Hong Kong property

Hong Kong retail rents predicted to fall in 2016: industry

PUBLISHED : Thursday, 03 December, 2015, 7:36pm
UPDATED : Thursday, 03 December, 2015, 9:34pm

Rents and prices of prime street shops in Hong Kong will continue to fall next year as big-ticket item retailers adopt a conservative business strategy amid declining retail sales.

Consensus views from property consultants for prime street shop rents are a decline of another 10-15 per cent next year.

Prices will drop a further 15-20 per cent over the year as the market is still wrestling with a slew of unfavourable factors.

Spending from mainland Chinese is seen remaining sluggish and the anti-corruption drive, set by the central government led by President Xi Jinping, looks set to continue unabated in its intensity, they said.

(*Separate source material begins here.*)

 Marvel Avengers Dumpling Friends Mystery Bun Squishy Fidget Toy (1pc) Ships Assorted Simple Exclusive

Prime street shop rents and prices have already seen a rapid pace of adjustment, falling by between 20 per cent and 30 per cent this year, said Simon Smith, Head of Research & Consultancy at Savills Hong Kong. He said the adjustment so far was faster than he had predicted.

“(High street rents) could see a further 10 per cent to 15 per cent fall in 2016 while prices, which have been slower to move, should see a further 15 per cent to 20 per cent reduction over the year.” said Smith.

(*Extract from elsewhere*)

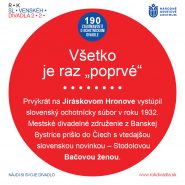 Zaujímavosť o ochotníckom divadle č. 36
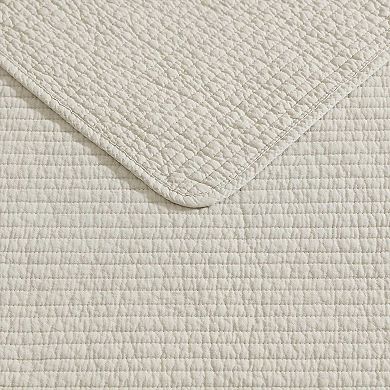 Nautica Seashore Stitch Quilt Set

Retail sales in Hong Kong dropped for the eighth consecutive month in October amid a decline in the number of mainland Chinese tourists flocking to Hong Kong.

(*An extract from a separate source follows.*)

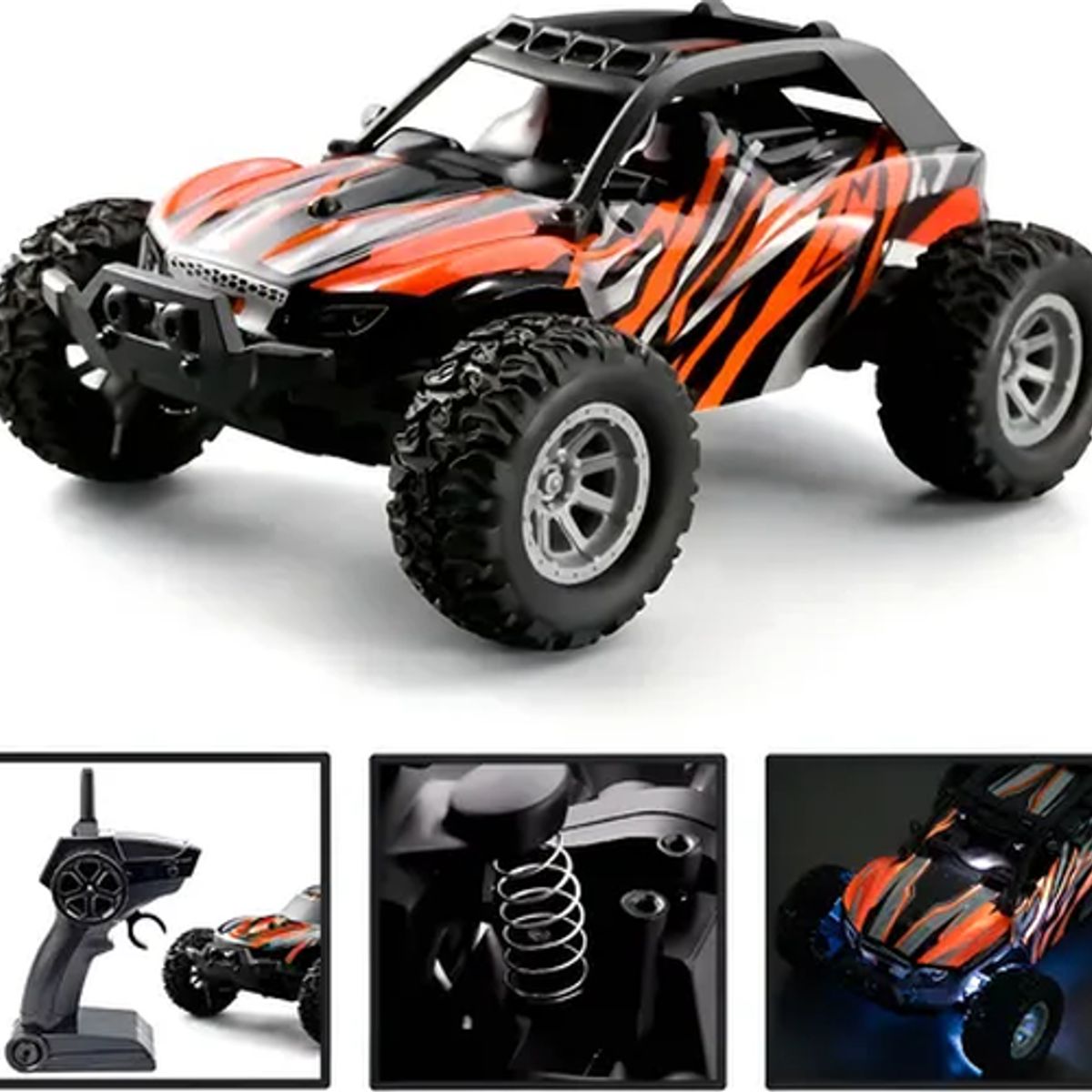 GENERICO - Coche micro warrior rc aspor 20kmh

Sales in October amounted to HK$37.2 billion - a 3 per cent decline year on year - after a fall of 6.3 per cent in September, the Census and Statistics Department reported on November 30.

The value of sales of jewellery, watches and valuable gifts decreased by 17 per cent over the month, following a year-on-year fall of 22.9 per cent in September.

The mainland’s anti-corruption campaign and changing spending patterns of Chinese tourists were cited as the reason for the pull-back in demand for luxury goods in Hong Kong.

JLL said high street shop rents likely to finish the year down 20-25 per cent this year but will probably be down another 10-15 per cent in 2016.

“In their desire to retain clients in what looks set to be an increasingly competitive market, landlords are now starting to offer tenants very competitive terms for lease renewals,” Helen Mak, senior director, retail services, at Colliers International, said.

Kevin Lam Ying-wai, director of DTZ/Cushman & Wakefield, said top tier street shops such as Russell Street in Causeway Bay saw rents down as much as 40 per cent this year and will be stable next year.

“We may see a further decline of 5 per cent. But street shops in second tier streets will drop further by 10-15 per cent in 2016 as demand is weak.” said Lam.

Prime shopping centre rents are still holding up—and likely to record slight growth in 2015—but pressure is building on landlords to lower base rents.

The outlook for 2016 is for prime shopping centre rents to trend sideways though risks are towards the downside, according to JLL.